== Segment start ==

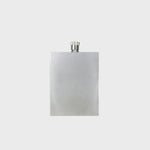 Sophos 3oz Square Hip Flask - Silver Finish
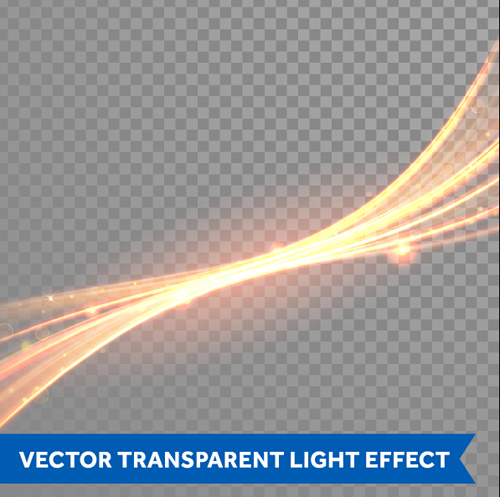 Transparent light effect illustration set vector 03 transparent light illustration effect   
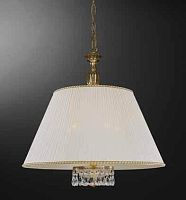 Люстра подвесная  L 6500/60 Reccagni Angelo белая на 5 ламп, основание золотое в стиле классический 
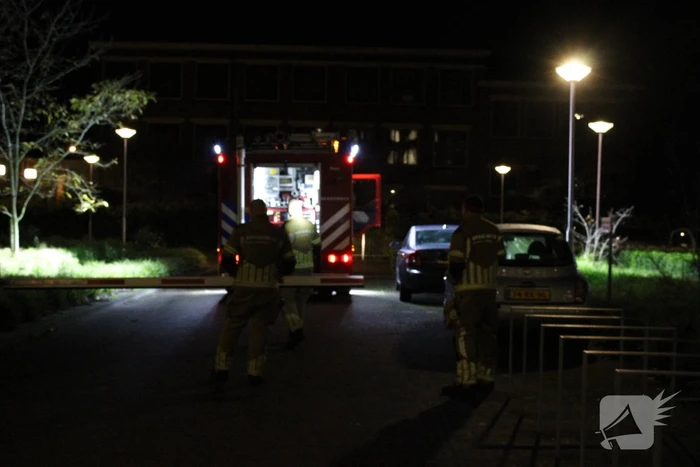 Brand in kelder van flat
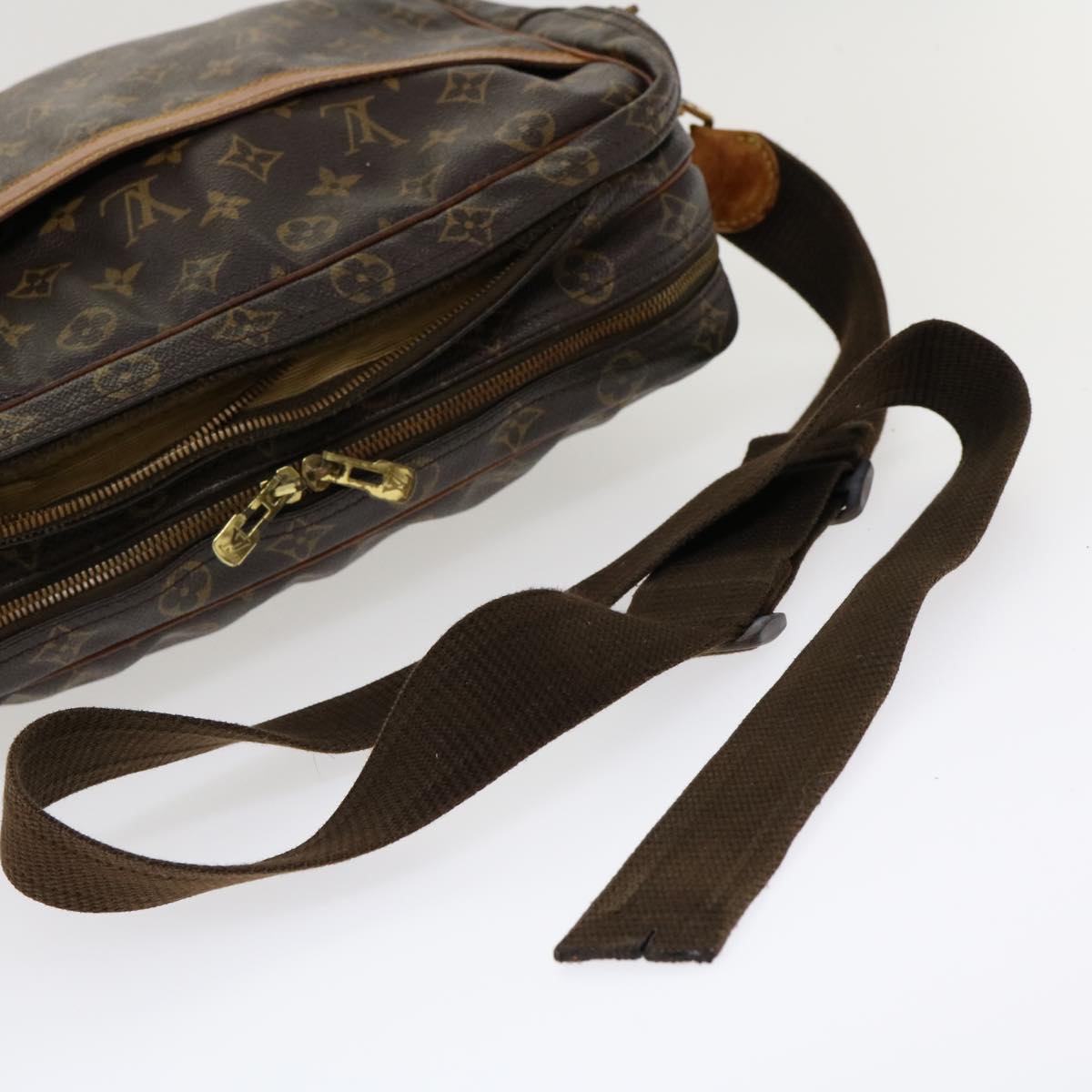 LOUIS VUITTON Monogram Reporter GM Shoulder Bag M45252 LV Auth bs3118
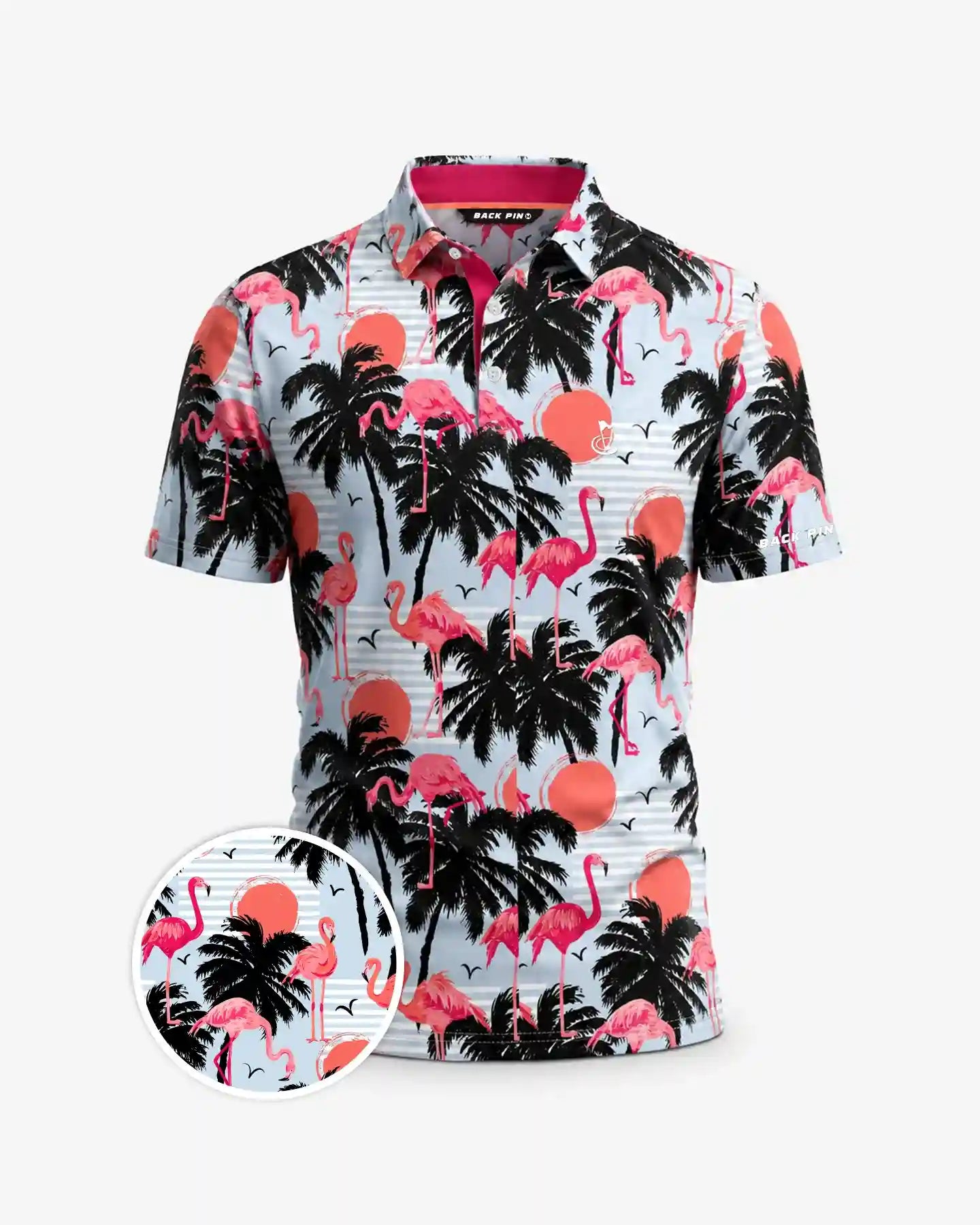 Coastal_Flamingo_Sunset_Polo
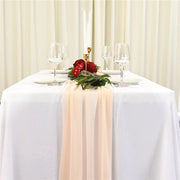 Telaio per tavolo, chiffon, decorazione per tavolo, matrimonio, nastro per tavolo, 70 x 300 cm, slitta per matrimonio, tovaglia per tavolo, comunione, decorativo per compleanno, festa, decorazione per matrimonio (champagne)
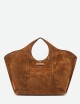 Shopping INFINITY in suede cognac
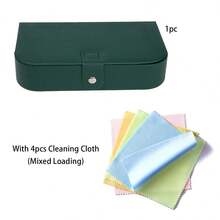 1 caixa de joias de couro portátil para pulseiras, colares, brincos, anéis, necessaire de verão para mulheres, organizador de armazenamento, presente de viagem, volta às aulas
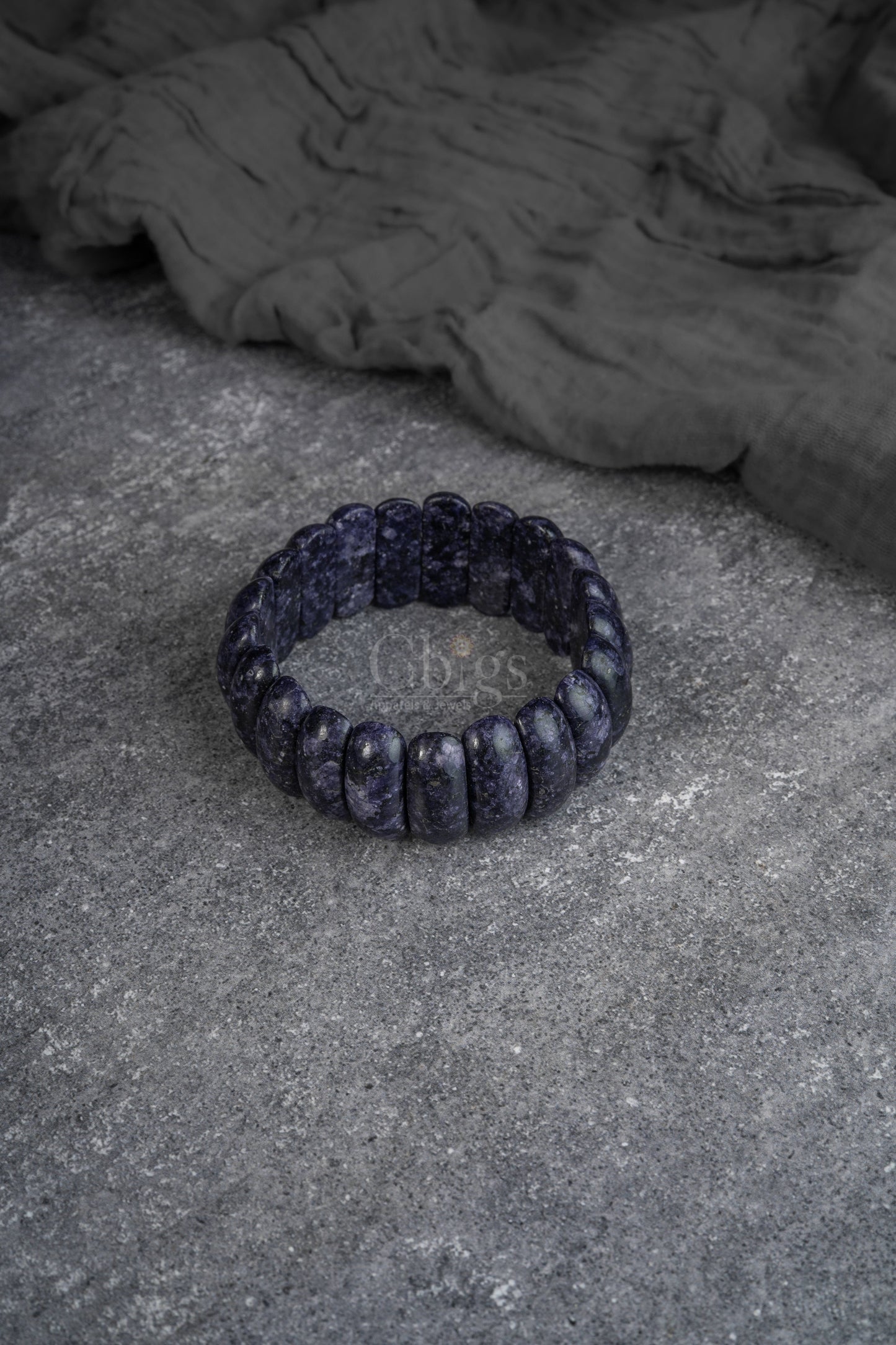 Galaxy Stone Beaded Stretch Bracelet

== Segment end ==

▶ [ACTIVITY] Please repeat the data above exactly as it appears, pictures excluded.

▶ [SOLUTION TO THIS TASK]
 Sophos 3oz Square Hip Flask - Silver Finish
 Transparent light effect illustration set vector 03 transparent light illustration effect   
 Люстра подвесная  L 6500/60 Reccagni Angelo белая на 5 ламп, основание золотое в стиле классический 
 Brand in kelder van flat
 LOUIS VUITTON Monogram Reporter GM Shoulder Bag M45252 LV Auth bs3118
 Coastal_Flamingo_Sunset_Polo
 Telaio per tavolo, chiffon, decorazione per tavolo, matrimonio, nastro per tavolo, 70 x 300 cm, slitta per matrimonio, tovaglia per tavolo, comunione, decorativo per compleanno, festa, decorazione per matrimonio (champagne)
 Shopping INFINITY in suede cognac
 1 caixa de joias de couro portátil para pulseiras, colares, brincos, anéis, necessaire de verão para mulheres, organizador de armazenamento, presente de viagem, volta às aulas
 Galaxy Stone Beaded Stretch Bracelet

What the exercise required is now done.